She set the empty beer bottle on the small round table beside the armchair and closed her eyes. Fatigued to the point at which the mere idea of lifting her arms from the arms of the chair was itself physically tiring, she nevertheless doubted that she would sleep. Her tumbling thoughts had no capacity for exhaustion. From as far back as she could remember, she had been the girl whose mind was always spinning. In sleep, of course, that mental wheel still turned, and it spun forth a thread of dreams….
If the tall robed-and-hooded figures appeared in her dreams that night, they were among presences and occurrences that she didn’t later remember. The sheet-wrapped corpse that played supporting roles in her occasional nightmares, that clearly wanted to be center stage, sat now in several scenes in different places, prevented by its bound condition from a more active performance. Its immobility was curious, considering that anything should be possible in a dream; the cadaver could have split out of its cocoon at the whim of the dreamer’s mind, could have shown its face and wounds as it capered or threatened or strode the stage in a solemn soliloquy.
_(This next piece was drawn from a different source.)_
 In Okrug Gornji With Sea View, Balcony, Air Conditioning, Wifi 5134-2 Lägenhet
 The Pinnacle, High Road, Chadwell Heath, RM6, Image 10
Instead, it appeared in her hospital room as it had been before, in a chair near the window, its shroud colored by a blazing sunset, and it spoke through its fabric mask: “The forms…the forms…things unknown.” Or it sat beside her on the wicker sofa, on the bungalow porch, struggling unsuccessfully to press a hand through the cotton sheeting to touch her, whispering, “…supreme master…” and “…must be truth…” and “…nothing…nothing at all….” Or she opened a door and found the wrapped corpse standing at the threshold as it said, “…forces of nature….”
As weary as Bibi was, slumped there in the office armchair, her encounters with the corpse were not fearsome enough to break the hold of sleep. But later, a more harrowing nightmare had its way with her, more harrowing because it was more than just a dream….
She is young, not quite six, alone in her bed, where night presses at the bungalow windows. The only light is dim and largely confined to that farther corner of the room where a Mickey Mouse night-light has been plugged in to a wall outlet. Bibi is a small child, but not afraid of the dark. She has been as much embarrassed as amused by Mickey glowing over there in his yellow shoes and red pants, with his big silly smile. Her parents bought the little five-watt lamp a week earlier because they decided that all children needed reassurance in the dark. Well, Bibi is a child, but not a baby. She is so done with being a baby. Stupid Mickey watching over her is like being told she is still a baby and always will be a baby. Some nights she gets out of bed and unplugs the stupid glowing mouse. She doesn’t want to hurt her parents’ feelings. They mean well. Which is why she hasn’t thrown Mickey away or put him in the bathroom where maybe he wouldn’t upset her so much. She really, really, really doesn’t want him here. Until this night. Now she is grateful that she is not in total darkness.
She lies on her back in bed, the covers pulled up to her chin, listening intently, waiting for the thing to move. From time to time, it crawls or creeps, or slides, or does whatever the heck it does to get around. But then it goes quiet for a while, as if it’s thinking what to do next, thinking about what it wants and how to get it. This has been going on for more than an hour.
Earlier, before the bad thing started to happen, there were the voices and music of the TV, turned low in the living room, which had been nice. If there were those sounds now, Bibi would feel much braver than she does. But the house is quiet, so that when the thing decides to start moving again, there is nothing else she can listen to other than the little noises it makes. This wouldn’t be so bad if it were a mouse like Mickey, scurrying around, making mouse sounds. Then she would get out of bed and try to win its trust, catch it gently and carry it outside to let it go free. Mouse sounds were cute, and a mouse would be scared, not dangerous, just frightened. This is not a mouse, however, and she doesn’t think it is afraid.
She doesn’t want to scream or call for help. That is total baby behavior. And if her mom and dad come running, maybe they won’t find anything. Then they will tease her forever and ever. Something is here in the bedroom with her, for sure, but maybe only she can see and hear it. That’s how it sometimes is in stories and on TV. And there is another worry. Maybe her parents will see and hear it. And maybe it will hurt them. If it hurts them, that will be Bibi’s fault. Instead of screaming, she wishes the thing away, and every time it becomes quiet, she thinks it is gone. But it is not gone. Aunt Edith, who sometimes visits from Arizona, says if wishes were fishes, no one would go hungry, but Bibi wishes anyway, uselessly, hopelessly.